Had anti-Semitism itself remained a peripheral prejudice, that evolution might merely have been disappointing. But anti-Jewish hate has surged since October 7, 2023, in the form of civil terrorism, street violence, targeted attacks, and the mainstreaming of conspiratorial figures on both left and right. The ADL’s approach—count incidents, denounce them, offer a free trip to the Holocaust museum—has proved worse than useless in response.

The ADL has recently faced significant criticism from the right—much of it fair, some of it not. FBI director Kash Patel’s announcement that the bureau is cutting formal ties with the organization marked a public crack-up. Patel’s point was blunt: the FBI should be a law-enforcement agency, not a client of left-wing brand managers.

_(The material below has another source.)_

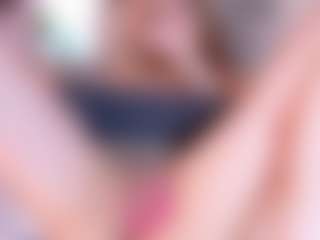 Evabluntt's Live Sex Cam Show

Jonathan Greenblatt, the ADL’s chief executive and an Obama administration alum, seems to sense the shifting winds. He has praised, for example, the Trump administration’s use of funding leverage against universities that tolerated campus harassment. The group’s recent decision to pull down its massive online database, the “Glossary of Extremism and Hate,” also signals a changing tone.

But with the ADL under fire from the right and anathema to the left, these changes may not be enough to answer the core question: can the ADL—and should the ADL—be saved? The answer is maybe, but only if it drops the woke posturing; stops policing its should-be friends; and returns its focus to keeping its enemies at bay.

Commentary’s Seth Mandel has done an excellent job showing that the rot is not new. The story, as Mandel tells it, starts with Abe Foxman, the ADL’s leader for nearly three decades. Foxman was an old school civil rights operator. He saw the ADL as primarily a partner to law enforcement. He worked with Democrats and Republicans. And he treated anti-Semitism as a problem of concrete behavior to be deterred, not a cultural mood to be navigated with careful statements and sensitivity trainings.

But under Greenblatt, Mandel argues, the organization reimagined itself as a progressive NGO. It imported the DEI and CRT catechisms; recast “racism” in a way that sometimes made Jews invisible as victims; and wielded anti-Semitism as a partisan cudgel, quick to condemn the Right but circumspect when the Left peddled vicious anti-Israel dogma.

That latter hesitation has been especially damaging, because, as the anthropologist Adam Louis-Klein has argued, left-wing “anti-Zionism” is not a normal policy position. It is a comprehensive ideological system. Inheriting the logic of older anti-Semitic movements, it recasts Jews as the cosmic aggressor and makes support for Israel grounds for social and professional exclusion. An organization created to defend Jews from defamation has too often treated that defamation as just another opinion to be balanced against others.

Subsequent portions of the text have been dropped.